Harold was the son of Margaret Shelburne (The Dire Mother), a 3 feet tall midget, who worked as a circus freak due to her size and her doll-like appearance. Harold was born after his mother was raped by the "Tall Man", another circus freak. He was already born around 136 kg (300 pounds), and was always spoiled by his mother as a little baby, and as a result, wore diapers his entire life. One day, some of the circus freaks decided to play a joke on him by kidnapping Margaret. Enraged, he ran after them, only to find out his mother accidentally died by suffocation in the bag she was being kept in. Harold went completely berserk and chopped the kidnappers with an axe, displaying their parts for paying customers to see. The carnival owner, after hearing about his employees' deaths, ordered a massive crowd to tear Harold to shreds.

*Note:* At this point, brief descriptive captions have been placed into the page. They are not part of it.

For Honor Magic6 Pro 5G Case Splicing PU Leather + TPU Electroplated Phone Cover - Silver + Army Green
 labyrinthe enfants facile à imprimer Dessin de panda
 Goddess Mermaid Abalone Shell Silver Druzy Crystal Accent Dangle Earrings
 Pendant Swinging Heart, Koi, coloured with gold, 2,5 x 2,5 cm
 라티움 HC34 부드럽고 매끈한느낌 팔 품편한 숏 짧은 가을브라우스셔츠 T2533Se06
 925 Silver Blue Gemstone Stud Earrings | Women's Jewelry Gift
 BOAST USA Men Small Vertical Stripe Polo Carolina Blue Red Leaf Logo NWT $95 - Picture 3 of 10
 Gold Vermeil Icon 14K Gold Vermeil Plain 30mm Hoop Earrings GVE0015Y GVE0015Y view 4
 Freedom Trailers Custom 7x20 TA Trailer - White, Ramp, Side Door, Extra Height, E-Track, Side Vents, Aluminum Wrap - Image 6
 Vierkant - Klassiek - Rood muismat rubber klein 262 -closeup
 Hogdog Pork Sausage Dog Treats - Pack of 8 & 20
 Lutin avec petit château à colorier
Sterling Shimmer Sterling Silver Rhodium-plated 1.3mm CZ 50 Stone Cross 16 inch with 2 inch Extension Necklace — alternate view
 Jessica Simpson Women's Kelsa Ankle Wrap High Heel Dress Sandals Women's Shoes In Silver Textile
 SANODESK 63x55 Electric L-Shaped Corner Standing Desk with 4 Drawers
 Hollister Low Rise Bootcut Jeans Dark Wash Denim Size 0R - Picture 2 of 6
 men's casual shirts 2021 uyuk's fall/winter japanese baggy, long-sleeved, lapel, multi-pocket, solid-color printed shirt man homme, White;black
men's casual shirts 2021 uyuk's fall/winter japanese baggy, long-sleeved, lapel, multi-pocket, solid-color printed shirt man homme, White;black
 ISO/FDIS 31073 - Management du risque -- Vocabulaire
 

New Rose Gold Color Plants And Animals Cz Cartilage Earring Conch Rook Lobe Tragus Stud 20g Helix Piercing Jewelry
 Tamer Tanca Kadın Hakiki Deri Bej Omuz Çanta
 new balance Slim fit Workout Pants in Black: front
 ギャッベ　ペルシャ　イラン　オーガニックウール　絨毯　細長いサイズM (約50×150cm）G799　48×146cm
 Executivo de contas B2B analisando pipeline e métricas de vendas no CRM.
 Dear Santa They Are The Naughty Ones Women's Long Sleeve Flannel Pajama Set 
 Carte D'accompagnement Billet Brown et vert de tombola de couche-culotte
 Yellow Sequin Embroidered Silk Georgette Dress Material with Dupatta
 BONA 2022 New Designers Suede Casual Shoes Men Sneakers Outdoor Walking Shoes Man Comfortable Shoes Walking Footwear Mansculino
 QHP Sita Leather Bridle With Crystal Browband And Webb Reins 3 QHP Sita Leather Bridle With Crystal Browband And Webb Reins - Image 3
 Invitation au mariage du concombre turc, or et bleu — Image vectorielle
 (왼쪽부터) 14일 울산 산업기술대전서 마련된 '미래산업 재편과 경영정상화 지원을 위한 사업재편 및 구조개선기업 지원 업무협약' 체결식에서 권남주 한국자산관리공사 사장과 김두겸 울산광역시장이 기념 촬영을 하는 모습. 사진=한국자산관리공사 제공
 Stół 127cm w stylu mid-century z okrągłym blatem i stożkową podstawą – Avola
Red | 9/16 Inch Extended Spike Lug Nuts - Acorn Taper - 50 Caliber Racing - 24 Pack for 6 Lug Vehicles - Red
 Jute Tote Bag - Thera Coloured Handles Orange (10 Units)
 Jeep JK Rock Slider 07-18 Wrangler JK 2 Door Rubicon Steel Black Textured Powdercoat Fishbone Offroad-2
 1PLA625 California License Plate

Harold's ghost is never apart form his mother, who is always seen by his side. He has a pale-white skin and wears a food-stained bib and big diapers, nothing else. He still wields the axe he used to kill the freaks, and has a small tuft of blond hair on his head.
Role in the movie
As most of the ghosts, Harold and his mother are never seen attacking someone, only scaring them for another ghost to appear and complete the job. He is then seen in the climax as one of the ghosts who carry Cyrus to his death in the Ocularis Infernum. He is finally seen leaving the machine with Margaret and the other ghosts, crossing over after gaining freedom.
- An alternate death for Harold and Margaret was proposed, but excluded from the final product. Harold would suffocate Margaret in her sleep by rolling over her in her bed, leaving him with no sustenance at all (as he cannot do anything without his mother), until he finally starved to death.